##### INFORMATION SUPPLIED #####
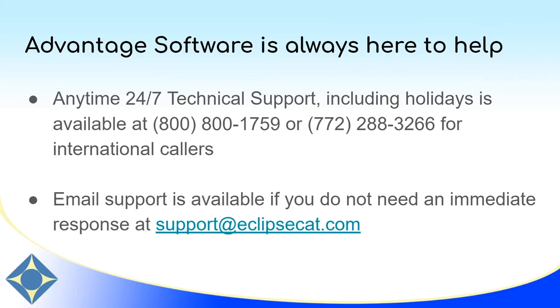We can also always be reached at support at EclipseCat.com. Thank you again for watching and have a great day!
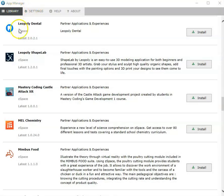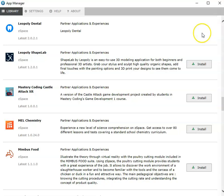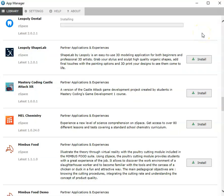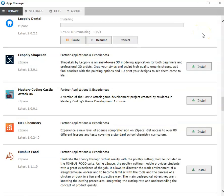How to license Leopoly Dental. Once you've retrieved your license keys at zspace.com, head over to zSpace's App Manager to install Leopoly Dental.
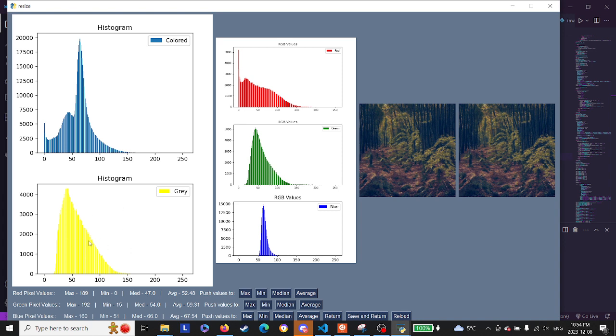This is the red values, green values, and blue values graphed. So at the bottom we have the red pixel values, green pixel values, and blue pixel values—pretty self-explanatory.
#####
* _TASK STATEMENT_: Every line of the data should be copied as it stands, without the images.

* _RESPONSE AREA_:
We can also always be reached at support at EclipseCat.com. Thank you again for watching and have a great day!
How to license Leopoly Dental. Once you've retrieved your license keys at zspace.com, head over to zSpace's App Manager to install Leopoly Dental.
This is the red values, green values, and blue values graphed. So at the bottom we have the red pixel values, green pixel values, and blue pixel values—pretty self-explanatory.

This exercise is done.